Search code examples
pythonluauser-defined-functionsaerospike

Deleting multiple bins from all the records of a set in Aerospike using Aerospike Python Client udf


How can I delete multiple bins from all the records of a set in Aerospike using Aerospike Python Client udf? I tried passing one bin at a time to the udf and used scan to delete the bin from all the records, but this was very inefficient as expected. I also tried creating a list of bins in python and passing the list to the UDF. The following is the code for reference:

Suppose I have 2000 records and 200 bins with names '1', '2', '3' ... etc. I want to delete the bins from '1' to '99'. The namespace in use is testns and the set in use is udfBins. testUdf.lua is the lua file containing the udf and my_udf is the lua function name.

test.py

    scan = client.scan("testns", "udfBins")
    bins = [str(i) for i in range(1,366)]
    # for i in range(1,100):
    scan.apply("testUdf", "my_udf", [bins])
    job_id = scan.execute_background()
    while True:
        response = client.job_info(job_id, aerospike.JOB_SCAN)
        if response["status"] != aerospike.JOB_STATUS_INPROGRESS:
            break
    
    print("job done")

testUdf.lua

function my_udf(rec, bins)

    info(bins)
    for bin in python.iter(bins)
    do
        rec[bin] = nil
    end
    aerospike:update(rec)
end

The above code doesn't work and I'm unable to figure out the reason and the correct way to solve the problem in hand. Any help is highly appreciated.

Thanks a lot in advance


Solution

  • This is bit tricky problem to solve. We have to pass an array from python to lua as an argument to the lua function. Here is the pertinent part of the code that I used to make it work:

    1 - pass the array as a string like so:

    bins = '{"1","2"}'
    # print(bins)
    self.client.scan_apply("test", "users", "testUdf", "my_udf", [bins])
    

    Note: in scan_apply (function name has an underscore, args are passed as a list, here just one arg - the string bins that in lua we convert to a table type and iterate.

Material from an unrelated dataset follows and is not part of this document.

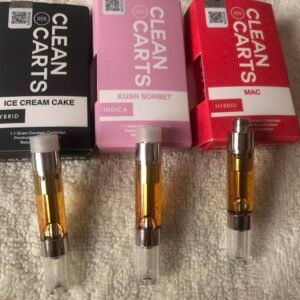 Clean Carts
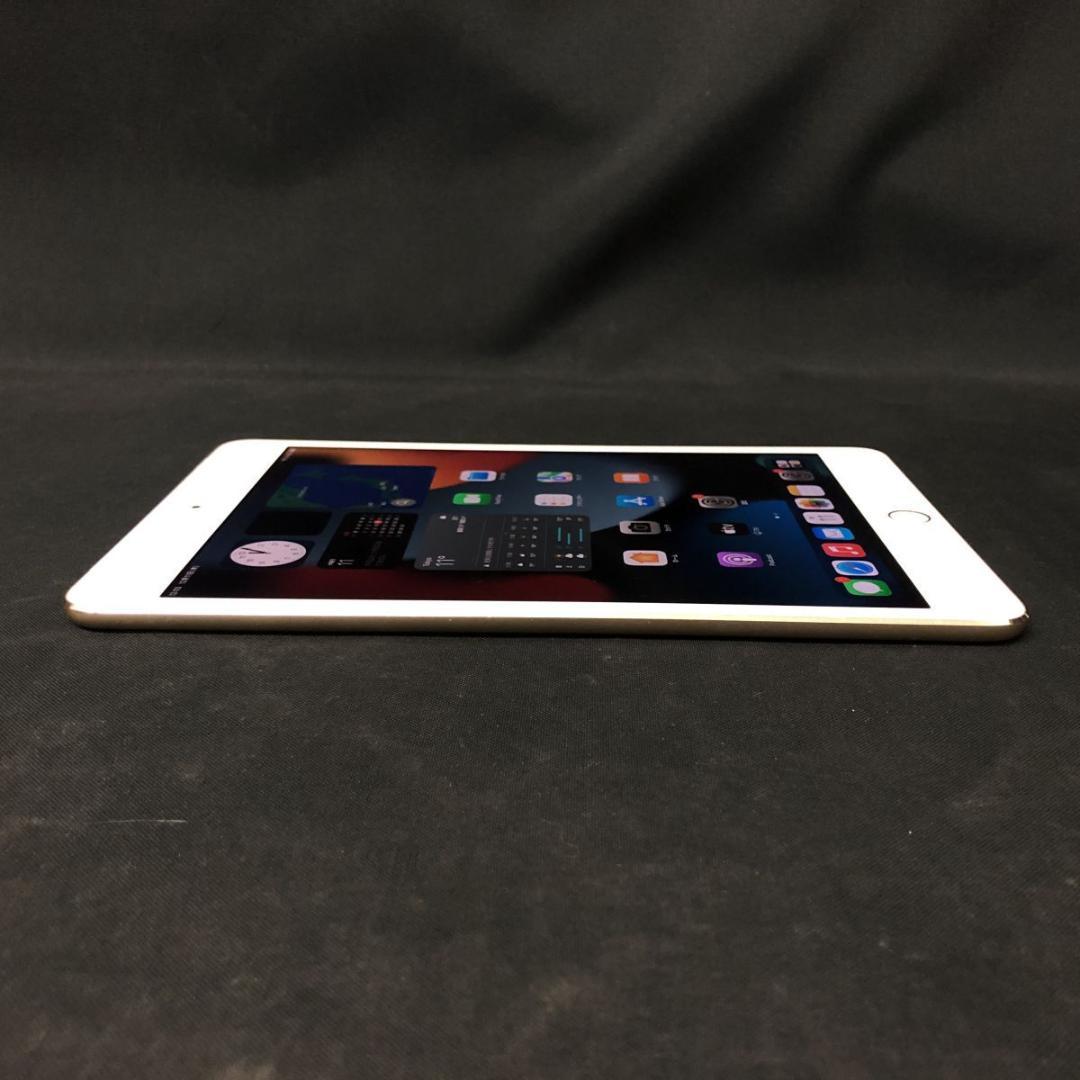 SIMフリー iPad mini 4 Wifi+Cellular 16GB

    Then in your testUdf.lua, do:

    function my_udf(rec, bins_list)
        bins_list = load("return "..bins_list)()
        for i,bin in ipairs(bins_list)
        do
            -- debug("bins_list_item: "..bin)
            rec[bin] = nil
        end
        aerospike:update(rec)
    end
    

    I used logging at debug level (you had info) to check what the lua code was doing. This worked for me. I created 3 records with bins "1", "2" and "3" and then deleted bins "1" and "2" using scan udf per above.

    Here is sample output on one record after running the scan:

    {'3': 1, '1': 1, '2': 1}  <-- initial bins, 3 records, same bins, same values
    {"1","2"}  <--list that I passed as a string for setting these bins to nil
    {'3': 1}  <-- final bins
    

    I checked with AQL, all 3 records had their bins "1" and "2" deleted.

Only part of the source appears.